> _What is needed_:
Restate all the lines below word for word, but omit the pictures.

> _Source data_:
Content starts
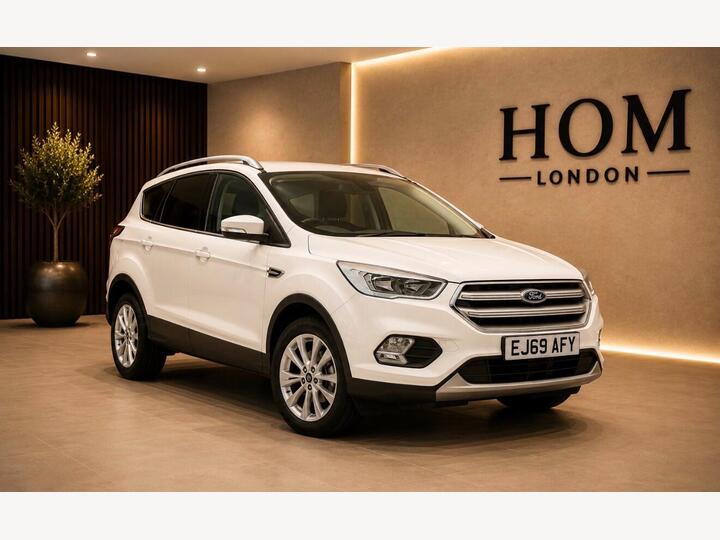 Ford Kuga 2.0 TDCi EcoBlue Zetec Powershift Euro 6 5dr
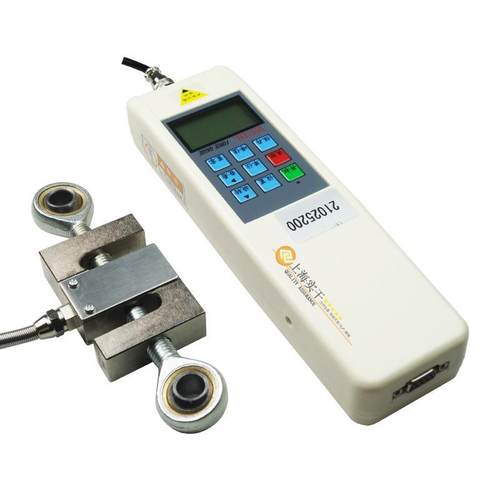 数据保存功能数显拉力计数字显示电子拉力计带线200KN数显测力 - 图3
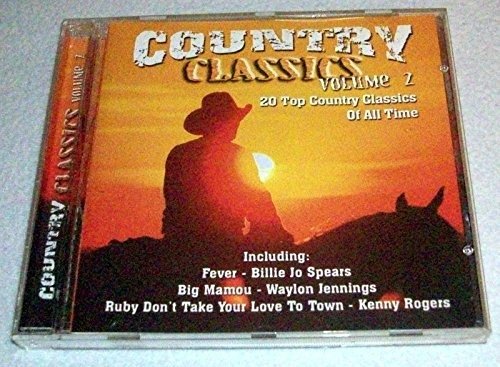 Cover for Coutry Classics Vol.2 · Fever,billie Jo Spears (CD) (2008)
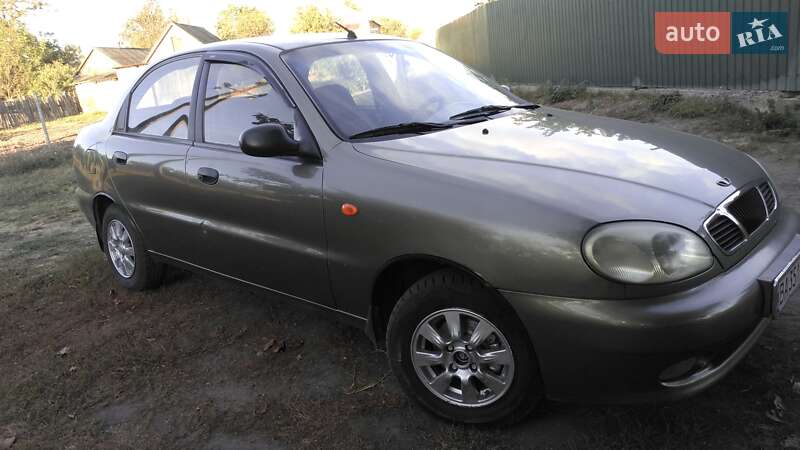Седан Daewoo Sens 2005 в Новомиргороде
Content ends
> _Task answer_:
 Ford Kuga 2.0 TDCi EcoBlue Zetec Powershift Euro 6 5dr
 数据保存功能数显拉力计数字显示电子拉力计带线200KN数显测力 - 图3
 Cover for Coutry Classics Vol.2 · Fever,billie Jo Spears (CD) (2008)
Седан Daewoo Sens 2005 в Новомиргороде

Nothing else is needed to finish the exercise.